DATA: Begin

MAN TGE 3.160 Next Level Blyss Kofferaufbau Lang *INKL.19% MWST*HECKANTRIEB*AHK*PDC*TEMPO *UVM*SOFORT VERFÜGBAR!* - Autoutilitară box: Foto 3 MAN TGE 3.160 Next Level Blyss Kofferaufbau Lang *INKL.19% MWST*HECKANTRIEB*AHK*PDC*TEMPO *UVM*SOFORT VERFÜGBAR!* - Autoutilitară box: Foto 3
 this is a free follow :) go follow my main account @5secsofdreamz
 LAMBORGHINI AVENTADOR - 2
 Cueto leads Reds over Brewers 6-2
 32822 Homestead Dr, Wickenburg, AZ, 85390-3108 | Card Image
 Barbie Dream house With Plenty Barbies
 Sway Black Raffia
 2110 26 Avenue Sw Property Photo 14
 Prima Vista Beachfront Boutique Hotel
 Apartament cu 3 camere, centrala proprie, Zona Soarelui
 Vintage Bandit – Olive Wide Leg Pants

DATA: End
DATA: Begin

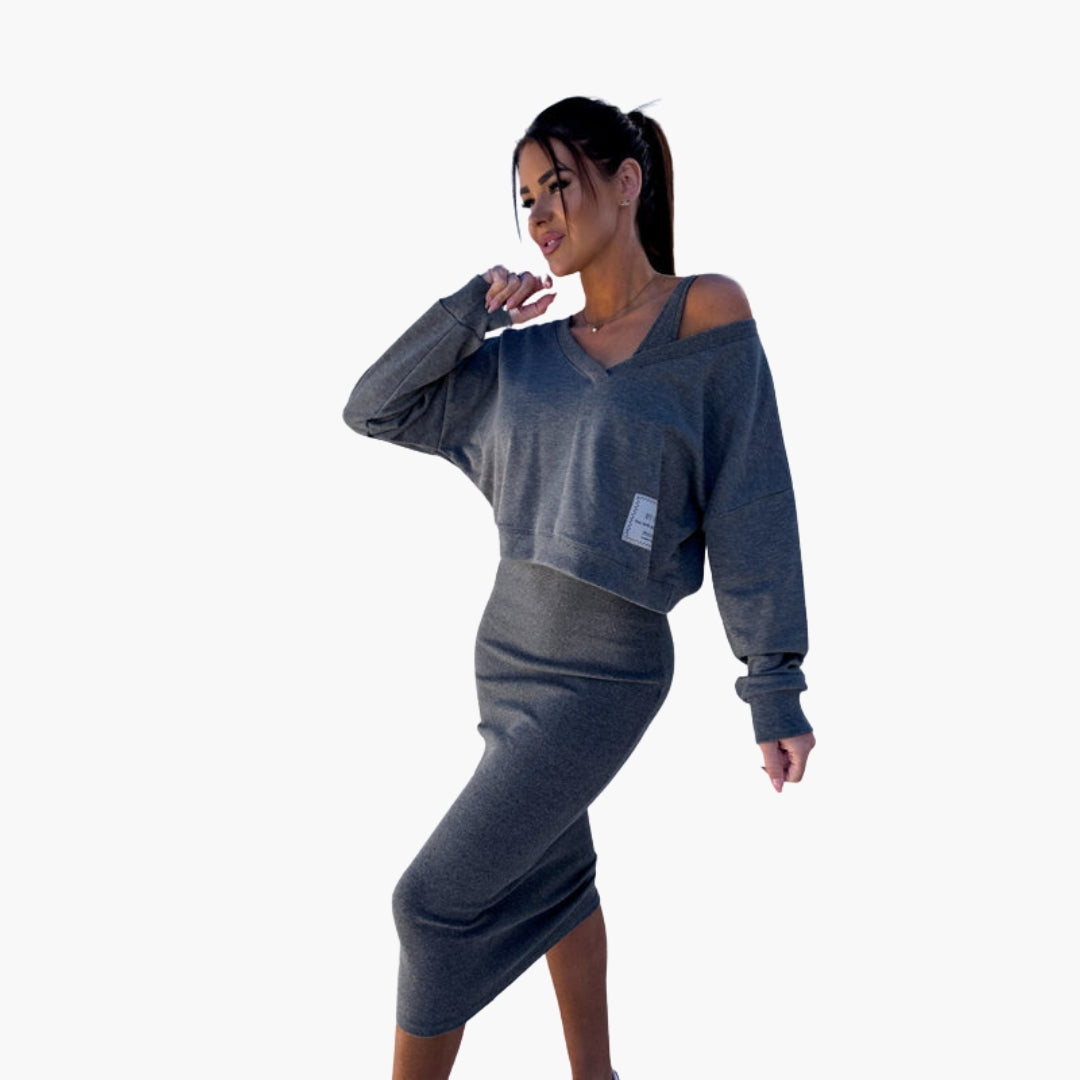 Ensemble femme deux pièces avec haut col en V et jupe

DATA: End

* _TASK STATEMENT_:
Please write out, exactly as they appear above, only the lines in the stretch from the line with "box: Foto 3 MAN" through the line with "Vintage Bandit – Olive Wide Leg Pants".

* _RESULT OF THIS EXERCISE_:
MAN TGE 3.160 Next Level Blyss Kofferaufbau Lang *INKL.19% MWST*HECKANTRIEB*AHK*PDC*TEMPO *UVM*SOFORT VERFÜGBAR!* - Autoutilitară box: Foto 3 MAN TGE 3.160 Next Level Blyss Kofferaufbau Lang *INKL.19% MWST*HECKANTRIEB*AHK*PDC*TEMPO *UVM*SOFORT VERFÜGBAR!* - Autoutilitară box: Foto 3
 this is a free follow :) go follow my main account @5secsofdreamz
 LAMBORGHINI AVENTADOR - 2
 Cueto leads Reds over Brewers 6-2
 32822 Homestead Dr, Wickenburg, AZ, 85390-3108 | Card Image
 Barbie Dream house With Plenty Barbies
 Sway Black Raffia
 2110 26 Avenue Sw Property Photo 14
 Prima Vista Beachfront Boutique Hotel
 Apartament cu 3 camere, centrala proprie, Zona Soarelui
 Vintage Bandit – Olive Wide Leg Pants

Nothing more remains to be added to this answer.